Wednesday, 18 February 2015

Traddies as Pigs...

I said in a recent post that I thought all Roman Catholics were pigs feeding at the same trough, irrespective of any idolatrous idealisation of the Papacy on all sides. That is a position I am maintaining. But is this not rather a gratuitous denigration of pigs? George Orwell didn't like pigs because of his failure as a small farmer; hence the villainous pigs in Animal Farm. C.S Lewis disliked pigs too. In Prince Caspian, Lewis describes a class room of ugly little boys who looked (and acted) like pigs; Bacchus then gave his great cry euan, euoi-oi-oi-oi and the boys were never seen again; but it was said afterwards that a lot of fine little pigs were seen in the country who were never there before. Reminds me of the fate of the herd of swine in chapter viii of St Matthew's Gospel.

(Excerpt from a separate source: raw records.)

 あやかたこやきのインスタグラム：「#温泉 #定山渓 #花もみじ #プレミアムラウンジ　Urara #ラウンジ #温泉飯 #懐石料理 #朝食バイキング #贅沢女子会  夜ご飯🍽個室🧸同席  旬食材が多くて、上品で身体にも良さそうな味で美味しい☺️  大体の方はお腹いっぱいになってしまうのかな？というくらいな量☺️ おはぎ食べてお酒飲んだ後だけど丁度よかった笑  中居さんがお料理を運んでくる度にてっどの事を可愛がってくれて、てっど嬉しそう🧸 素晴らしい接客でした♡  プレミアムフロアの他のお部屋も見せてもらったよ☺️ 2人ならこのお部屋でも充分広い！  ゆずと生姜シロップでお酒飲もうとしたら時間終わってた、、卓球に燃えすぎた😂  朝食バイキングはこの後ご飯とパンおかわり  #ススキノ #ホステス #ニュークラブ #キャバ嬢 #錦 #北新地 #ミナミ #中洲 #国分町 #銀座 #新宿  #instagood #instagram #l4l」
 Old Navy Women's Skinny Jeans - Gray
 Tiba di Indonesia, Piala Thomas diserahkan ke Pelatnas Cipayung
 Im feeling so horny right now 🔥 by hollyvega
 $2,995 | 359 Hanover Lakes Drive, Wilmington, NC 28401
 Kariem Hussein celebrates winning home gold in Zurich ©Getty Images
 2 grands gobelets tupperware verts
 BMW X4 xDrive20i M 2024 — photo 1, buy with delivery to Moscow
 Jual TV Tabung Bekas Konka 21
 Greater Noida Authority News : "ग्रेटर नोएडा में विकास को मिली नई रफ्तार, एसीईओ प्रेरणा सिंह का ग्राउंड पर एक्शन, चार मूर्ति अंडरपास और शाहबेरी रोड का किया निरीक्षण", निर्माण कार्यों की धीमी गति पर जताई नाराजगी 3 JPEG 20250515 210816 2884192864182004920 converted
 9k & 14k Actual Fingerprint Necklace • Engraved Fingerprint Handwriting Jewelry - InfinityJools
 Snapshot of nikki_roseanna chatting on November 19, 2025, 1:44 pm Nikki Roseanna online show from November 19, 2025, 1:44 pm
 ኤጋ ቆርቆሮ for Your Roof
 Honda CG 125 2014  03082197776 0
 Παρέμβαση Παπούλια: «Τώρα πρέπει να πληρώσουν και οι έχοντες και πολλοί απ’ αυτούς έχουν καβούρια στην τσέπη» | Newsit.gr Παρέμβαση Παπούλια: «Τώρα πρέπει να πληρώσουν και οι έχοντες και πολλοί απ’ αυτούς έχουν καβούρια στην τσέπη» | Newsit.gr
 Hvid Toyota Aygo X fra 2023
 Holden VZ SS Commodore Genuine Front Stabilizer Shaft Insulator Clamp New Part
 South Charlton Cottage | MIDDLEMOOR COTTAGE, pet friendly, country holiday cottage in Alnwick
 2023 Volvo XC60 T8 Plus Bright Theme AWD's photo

But when you take pigs out of the stifle and stench of the sty, they are intelligent, worthy beasts renowned for their cleanliness, care for their families and interaction with other pigs. It's only in the confines of the sty that they act like swines, so to speak. And I think the very same could be said of traditionalists. Together they are the vilest, most despicable people; look at Rorate Caeli! But I wonder if, isolated, they might actually be decent people? I am reminded of a rather bibulous and pleasant conversation to which I was privy some years ago at a certain prominent church in London. My friend said to the rector of this church: "why are you such a prat?" Whereupon the rector, himself drunk (and doesn't alcohol loosen tongues!), said: "oh, it's this wretched place!"

But that's just one old queen. I doubt the same could be said of one particularly awful woman on crutches who has substituted the love of God for the love of the monstrance and him that holds it aloft; a deep-seated, unsatisfied lust by proxy. You all know who I mean.